Statistical Power and Sample Size for Annotation Studies

How many items you need for a result to mean something, why that is a different question from how many annotators per item, and how to avoid underpowered, over-claimed annotation and evaluation studies.

"How many annotators?" and "how many items?" are two different questions that get confused constantly. Annotator overlap controls how reliable each item's label is; the number of items controls whether a difference you observe is real or noise. A study can have five annotators per item and still be too small to support its conclusion. This guide is about the second axis, statistical power, and how to keep an annotation or evaluation study from over-claiming.

Two budgets, not one

Every annotation project spends effort along two independent axes, and it helps to name them separately:

Overlap (annotators per item): buys you label reliability, the confidence that a single item's label is right. This is the subject of How Many Annotators Do You Need?.
Sample size (number of items): buys you statistical power, the ability to detect a real difference between conditions, models, or groups.

They trade against a fixed budget but solve different problems. Ten annotators labeling 50 items gives you very reliable labels for a sample too small to compare anything. One annotator labeling 5,000 items gives you noisy labels but enough of them to detect a real effect. Which mistake you are about to make depends on which question you are actually asking.

What statistical power is

Statistical power is the probability that your study detects an effect that is genuinely there. Low power means that even when model A really is better than model B, your experiment often fails to show it, and, less obviously, that the "significant" results you do get are more likely to be flukes with inflated effect sizes. The convention is to aim for 80% power, which requires deciding in advance the smallest effect worth detecting and sizing the study to catch it.

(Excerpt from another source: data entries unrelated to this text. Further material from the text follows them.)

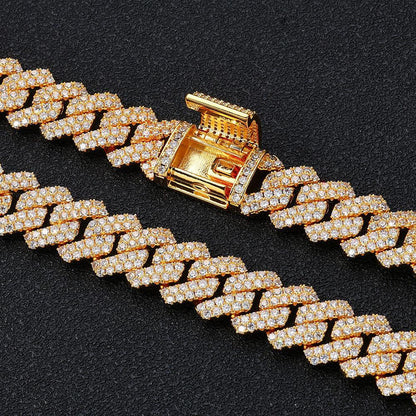 14mm Cuban Chain Necklace with Zircon Stones - CaratixJewelry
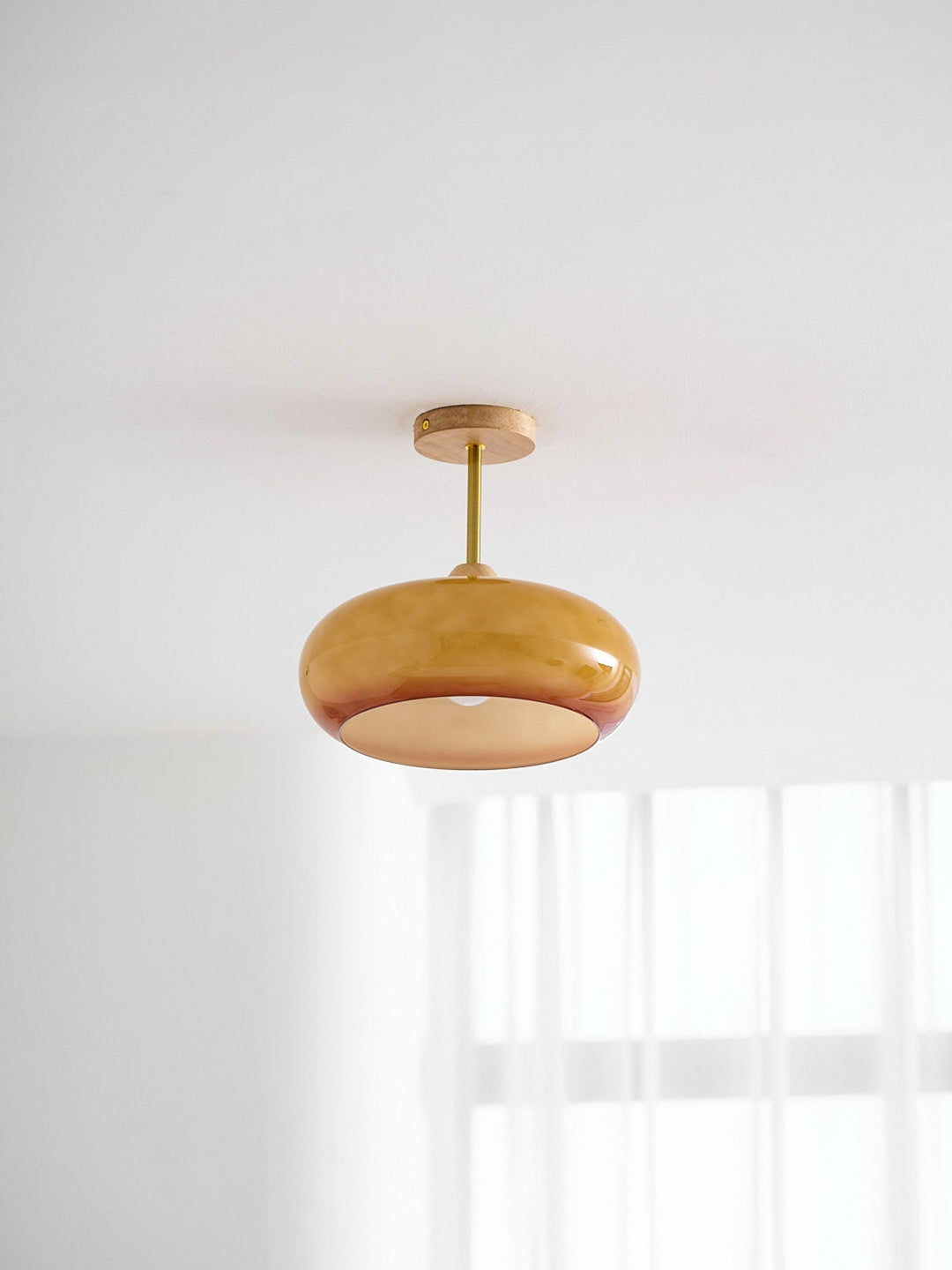 Plafonnier Ceiling Lamp Wood Glass 11 in Orange White Indoor Dining Bedroom Lighting Fixture | Kalsten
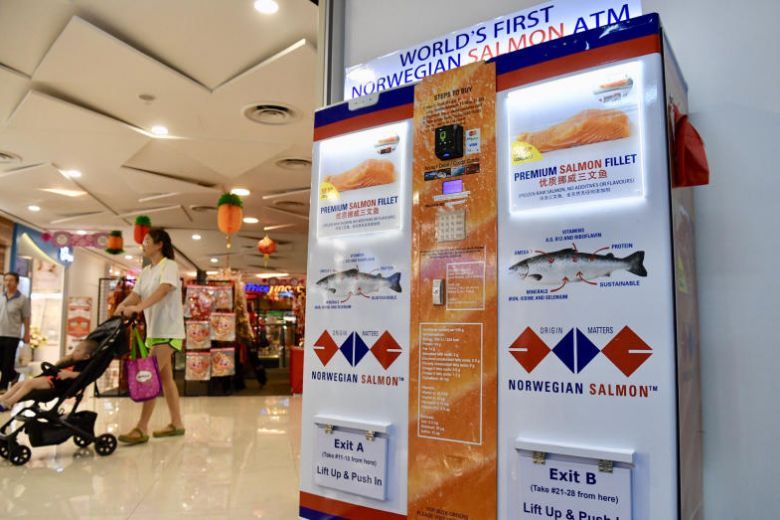 World's first salmon vending machine: Singapore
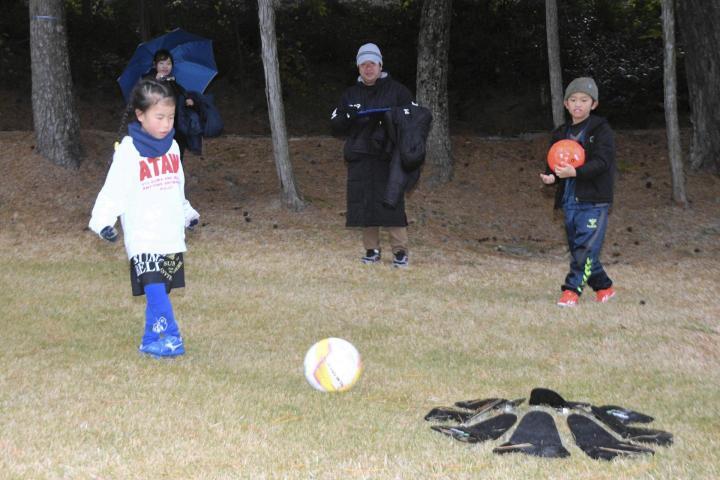 カップを目がけて、慎重にボールを転がす子ども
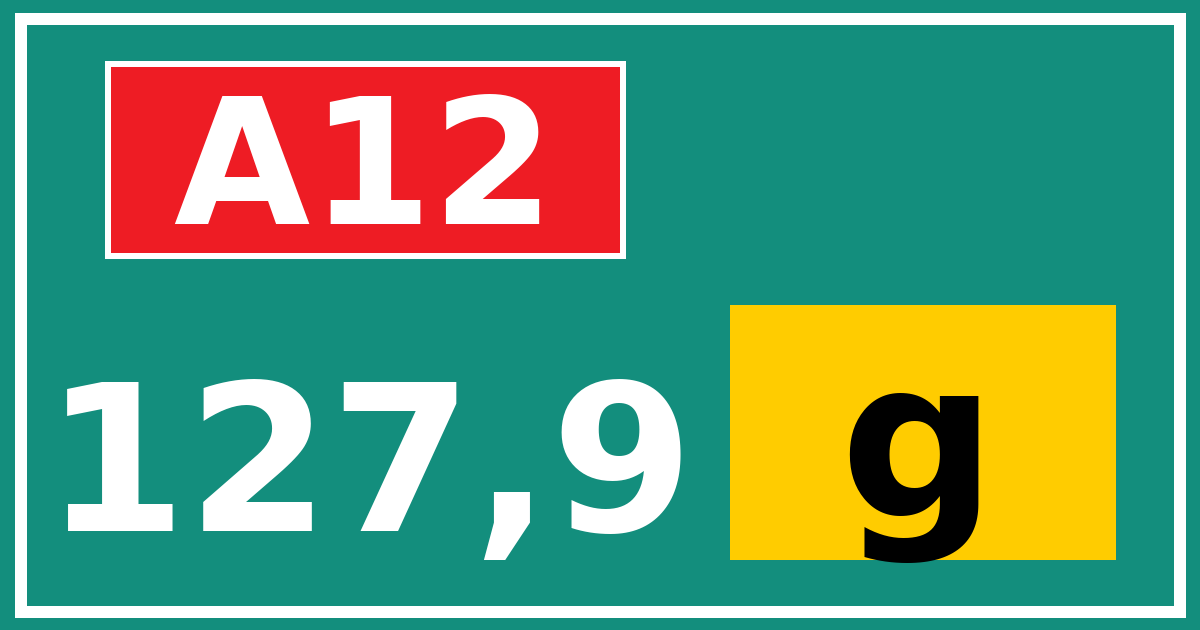 Hectometerbord A12 127,9 letter g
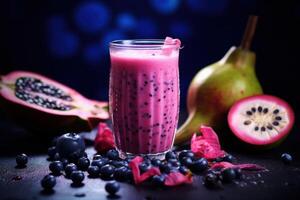 AI generated a pink smoothie with dragon fruit leaves next to it photo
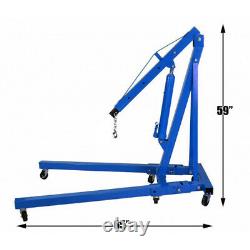 2 Ton Folding Engine Crane Workshop Hoist 2000kg Hydraulic Lifting Blue Tools UK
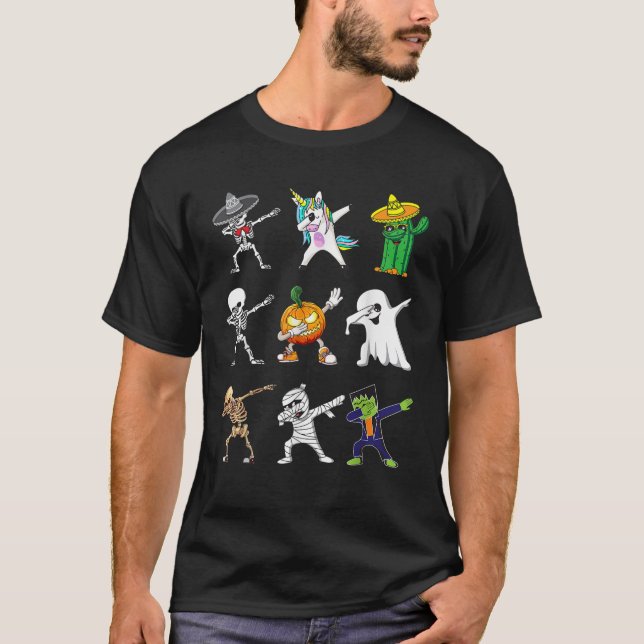 T-shirt Dabbing Halloween Squelette Zombie pour bébé (Devant)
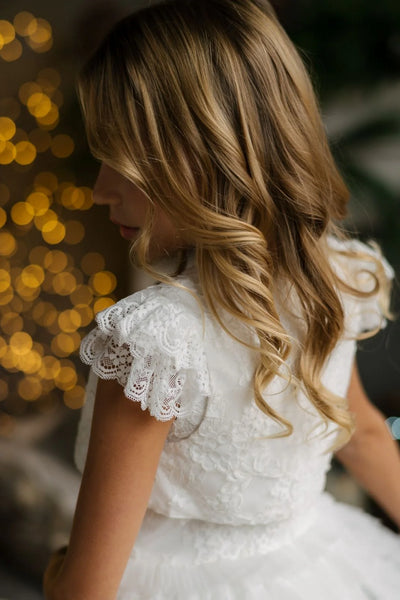 Tiered Tulle Dress with Lace Bolero – Perfect for Girls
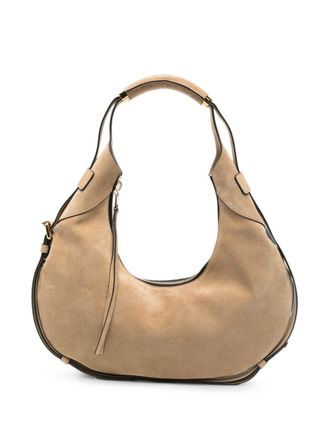 Moschino Crescent-Shaped Suede Bag with Gold Hardware Accents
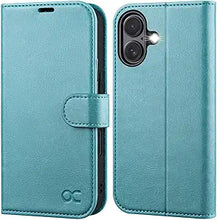 Load image into Gallery viewer, OCASE Compatible with iPhone 16 Wallet Case, PU Leather Flip Folio Case with Card Holders RFID Blocking Kickstand [Shockproof TPU Inner Shell] Phone Cover 6.1 Inch 2024, Ice Blue
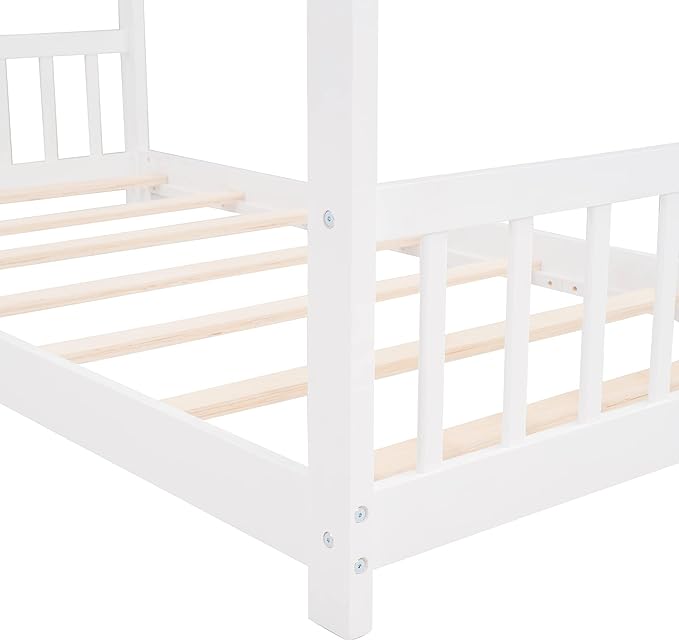 Ball & Cast Twin Size Floor Bed,Low to Ground Design Montessori Bed with Roof,Toddler House Bed Frame W/Slats,No Box Spring Needed,for Girls Boys,White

The uncomfortable finding is how often this is skipped. Card et al. (2020) ran power analyses across common NLP setups and found that many published comparisons are badly underpowered: to reliably detect the small differences that typical papers claim, especially in human evaluation, you often need hundreds to thousands of items, far more than studies actually use. Their practical takeaway is to run the power calculation before collecting data, not to reverse-engineer significance after.

Getting the significance test right

Having enough items is necessary but not sufficient; you also have to test correctly. Dror et al. (2018) is the standard reference here, and its advice is concrete:

Match the test to the data. NLP metrics are usually not normally distributed, so lean on nonparametric options, bootstrap and permutation tests, rather than assuming a t-test applies.
Correct for multiple comparisons. Testing many models, metrics, or subgroups inflates false positives; adjust (Bonferroni, or better, Benjamini-Hochberg) when you run many tests.
Report effect size and a confidence interval, not just a p-value. With enough items, a difference can be statistically significant and practically meaningless. The effect size and interval tell the reader whether to care.

A workable recipe

State the smallest difference that would matter (say, a 2-point difference in win rate).
Run a power analysis for that effect at 80% power to get a target number of items.
Decide overlap separately, based on how subjective the labels are (see the annotator-count guide).
After collection, use a bootstrap or permutation test, correct for the number of comparisons, and report effect sizes with intervals.

The order matters: sizing the study after seeing the data is how underpowered results get dressed up as findings.

Doing it in Potato

Power is a design decision, not a config key, but Potato's job is to give you clean data to run the analysis on. Set overlap for reliability and instance counts for sample size in task assignment:

yaml

automatic_assignment:
  on: true
  instance_per_annotator: 400    # sample size: items each annotator sees
  labels_per_instance: 3         # overlap: reliability per item

The two knobs are independent on purpose. The export keeps every annotator's individual label with their ID and timestamp, which is what lets you bootstrap resample, by item and by annotator, when you compute significance offline. Preserving the per-annotator labels rather than only the aggregate is what makes a proper power-aware analysis possible; collapse to one gold label too early and you lose the variance the bootstrap needs.